Harry Potter and the Goblet of Fire, J.K. Rowling
The Triwizard Tournament is on at Hogwarts, and Harry might just be champion – if he survives the competition. Lots of wonderful magic here, and several new, important characters (Mad-Eye Moody, Fleur Delacour, Viktor Krum). The ending is both terrifying and sad, with shadows of what’s to come. But the book isn’t all darkness. It includes one of my favorite funny lines in the whole series: “Just then, Neville caused a slight diversion by turning into a large canary.”

Harry Potter and the Order of the Phoenix, J.K. Rowling
The ending of this book breaks my heart right in half every time. But I love it – I love Dumbledore’s Army, the ongoing development of Harry’s story, the students’ (and teachers’) subversive campaign against that foul Professor Umbridge. We meet Tonks, whom I love, and we see more of Sirius, Lupin and the Weasleys, whom I adore. And the drumbeat starts at the end: Harry is now finally, fully aware of who he is and what he has to do.

Lost Lake, Sarah Addison Allen
I enjoyed Allen’s The Peach Keeper and loved her debut, Garden Spells. Her new novel takes us to a run-down but magical lake resort in Georgia, where Kate spent a wonderful summer when she was 12. Now Kate’s great-aunt Eby is planning to sell the resort, right as Kate (newly widowed) and her daughter, Devin, arrive for a visit. A story of love, loss and new beginnings, with a bit of magical realism (Allen’s signature). To review for Shelf Awareness (out Jan. 21).

Harry Potter and the Half-Blood Prince, J.K. Rowling
The copious “snogging” in this book makes me laugh, but the story grows steadily darker, as Harry learns more about the boy who became Voldemort and the cruel measures he took to protect himself from death. This is also, though he doesn’t know it, Harry’s last year at Hogwarts – just one of the reasons the ending makes me cry. So, so good.

Harry Potter and the Deathly Hallows, J.K. Rowling
After a desperate escape from Privet Drive and a brief respite at The Burrow, Harry, Ron and Hermione are on the run, hunting Horcruxes and trying to avoid capture by Death Eaters. This last book is fast-paced, heartbreaking and powerful, and the last few chapters answer so many questions (and make me weep for all kinds of reasons). A fantastic end to one of my very favorite series.

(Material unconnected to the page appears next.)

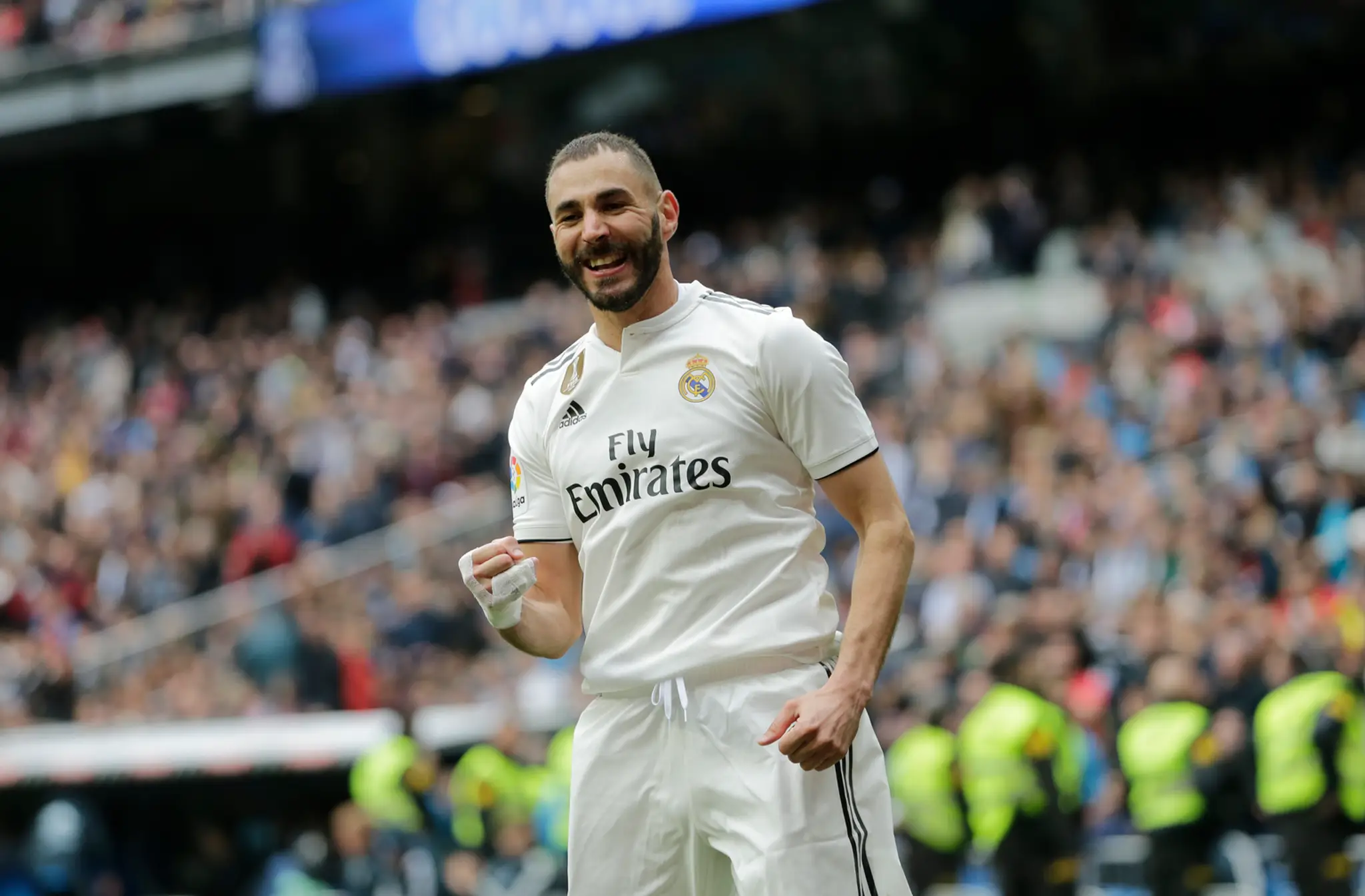 Karim Benzema z Realu Madrid oslavuje gól proti Bilbau.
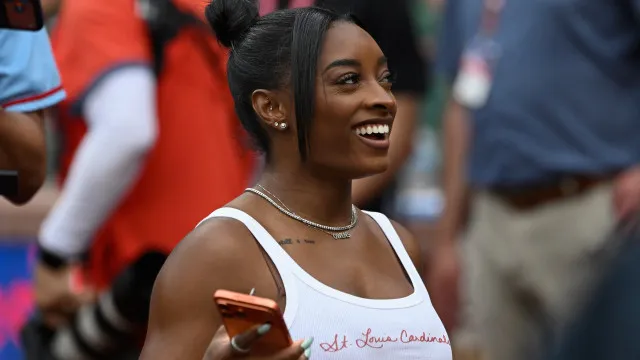 simone-biles-revela-problema-de-saude-e-desabafa:-quase-morrer-nao-estava-nos-meus-planos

A Question of Honor, Charles Todd
World War I nurse Bess Crawford investigates another mystery, this one related to a murder case from her childhood in India. The mystery plot was compelling, but Bess’ constant back-and-forth movements from England to France didn’t seem to relate to the story. And she’s unbelievably dense regarding the man who loves her. Not my favorite in the series, but still interesting.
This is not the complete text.